3. Juristische Einordnung
colonium 11.09.2014
Fürhren wir das Völkerrecht emotionslos auf seine juristische Grundlage zurück. Nur der Weltsicherheitsrat hat das Recht die Souveränitätsrechte eines Mitgliedsstaates einzuschränken oder aufzuheben. Dazu müssen alle Mitglieder des UN Sicherheitsrates ihre Zustimmung geben. Jeder militätrische Einmischung in einem souveränen Mitgliesstaat der UN ohne Beschluss des UN Sicherheitrates ODER das Einverständnis des betroffenen Mitgliedsstaates ist völkerrechtswidrig und eine Aggression, die ein Kriegsverbrechen darstellt. Das deutsche Recht ergänzt in solchen Fällen, dass es sich im einen strafbaren Angriffskrieg handelt. Syrien ist in diesem Sinne eindeutig ein souveräner Staat im Sinne des Völkerrechts, representiert durch die syrische Regierung von Assad. Sollte kein Mandat der UN oder die Zustimmung der syrischen Regierung eingeholt werden, ist jede beteiligte Regierung des Völkerrechtsbruchs zuständig und die deutsche Regierung sogar der Teilnahme am strafbaren Angriffskrieg. Die Bewaffnung der syrischen Rebellen wird von den gleichen Vorschrifften des Völkerrechts erfasst.
4.
reuanmuc 11.09.2014
Zitat von jiskokoEinsätze in Syrien ohne Zustimmung dürfte für die USA und deren Hilfs-Willigen ein Riesenproblem werden und nicht nur Russland und Iran aktivieren. Syrien ist nicht Libyen.
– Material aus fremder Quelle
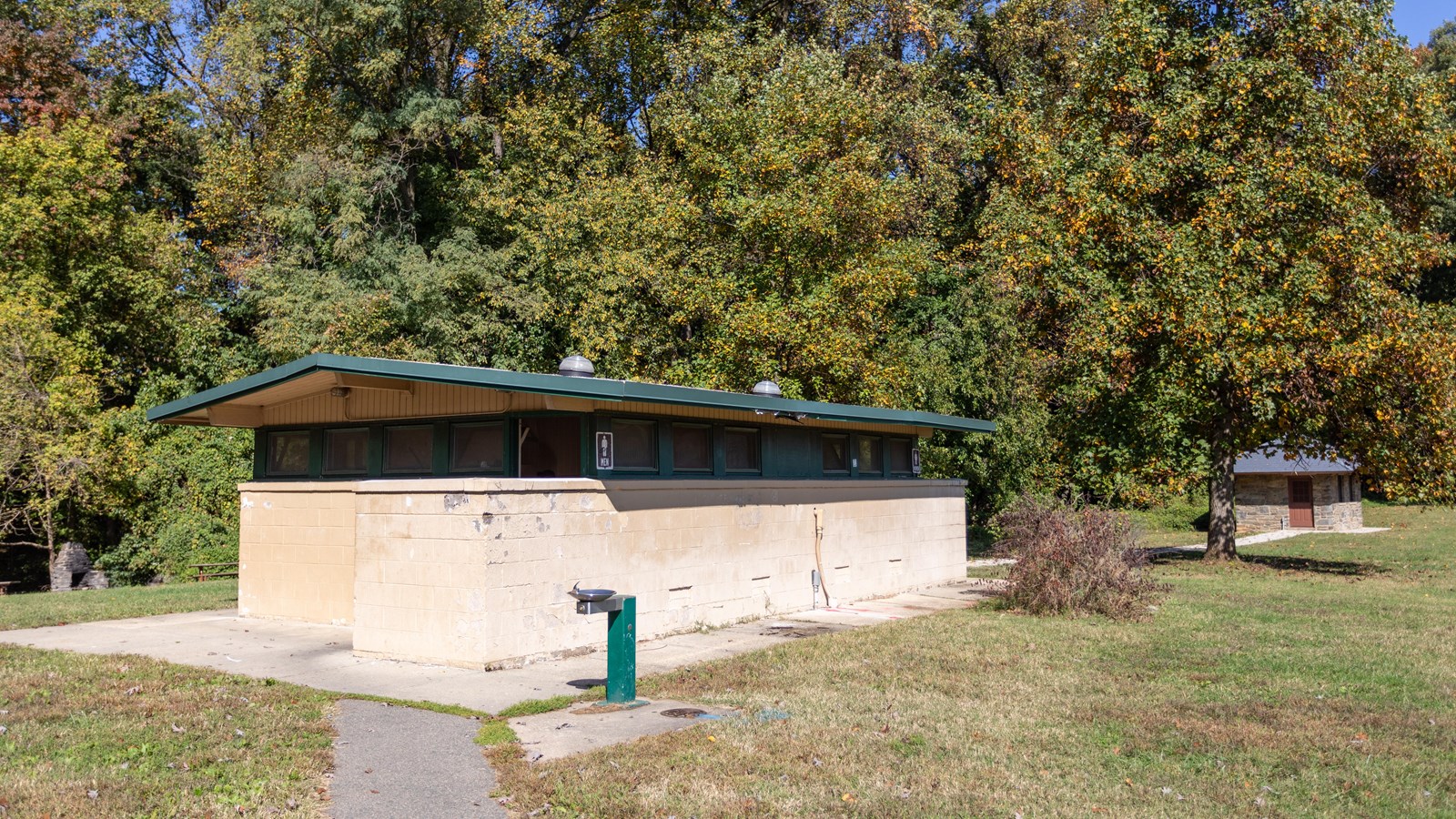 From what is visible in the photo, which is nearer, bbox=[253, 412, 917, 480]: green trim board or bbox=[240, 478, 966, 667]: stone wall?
bbox=[240, 478, 966, 667]: stone wall

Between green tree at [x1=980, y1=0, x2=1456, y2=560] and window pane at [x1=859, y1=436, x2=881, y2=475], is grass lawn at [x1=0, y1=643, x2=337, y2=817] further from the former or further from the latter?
green tree at [x1=980, y1=0, x2=1456, y2=560]

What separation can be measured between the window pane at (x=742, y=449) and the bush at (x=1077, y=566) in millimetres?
3856

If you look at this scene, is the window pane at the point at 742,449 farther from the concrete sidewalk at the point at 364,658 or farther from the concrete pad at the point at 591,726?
the concrete pad at the point at 591,726

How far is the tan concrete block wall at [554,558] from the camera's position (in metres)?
11.0

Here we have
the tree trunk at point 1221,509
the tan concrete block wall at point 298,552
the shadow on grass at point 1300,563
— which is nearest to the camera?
the tan concrete block wall at point 298,552

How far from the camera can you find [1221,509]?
79.2ft

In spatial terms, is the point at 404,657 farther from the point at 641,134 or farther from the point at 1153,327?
the point at 641,134

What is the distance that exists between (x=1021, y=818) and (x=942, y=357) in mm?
23444

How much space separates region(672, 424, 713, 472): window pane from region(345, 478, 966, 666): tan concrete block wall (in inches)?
14.4

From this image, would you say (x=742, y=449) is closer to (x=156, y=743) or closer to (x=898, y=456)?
(x=898, y=456)

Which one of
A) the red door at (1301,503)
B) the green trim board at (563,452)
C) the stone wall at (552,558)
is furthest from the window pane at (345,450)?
the red door at (1301,503)

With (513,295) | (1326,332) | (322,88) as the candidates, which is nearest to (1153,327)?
(1326,332)

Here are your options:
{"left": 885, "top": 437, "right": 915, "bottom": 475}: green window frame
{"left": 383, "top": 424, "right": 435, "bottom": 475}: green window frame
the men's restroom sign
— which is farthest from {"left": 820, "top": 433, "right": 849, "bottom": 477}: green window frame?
{"left": 383, "top": 424, "right": 435, "bottom": 475}: green window frame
Man muss deutlich unterscheiden: Einsätze gegen ISIS im Grenzgebiet Syriens zum Irak sind notwendig, um Versteckspiele von ISIS zu verhindern. Etwas anderes wären Einsätze im Inneren Syriens. Das sollen Assads Truppen selber machen. ISIS kann auch für Iran und Russland noch zum Problem werden, wenn sie aus dem Irak vertrieben werden. ISIS wird sich wohl kaum in Luft auflösen, sondern andere Ziele suchen. Wenn Assads Regime angegriffen wird und sie sich gegenseitig die Köpfe abschneiden, soll es dem Westen nur recht sein.
5.
wahe 11.09.2014
wo in den von ISIS besetzten Gebieten Syriens ist denn noch Souveränität des Syrischen Staates gegeben? Wenn Terroreinheiten einen Teil eines Staatsgebietes okkupiert haben und dieser Staat nicht mehr in der Lage ist dieses Gebiet zu beherrschen, dann widr bei Angriffen auf diese Terroreinheiten auch keine Souveränität verletzt. Alle anderen Darstellungen schützen m.E. nur die Terroreinheiten!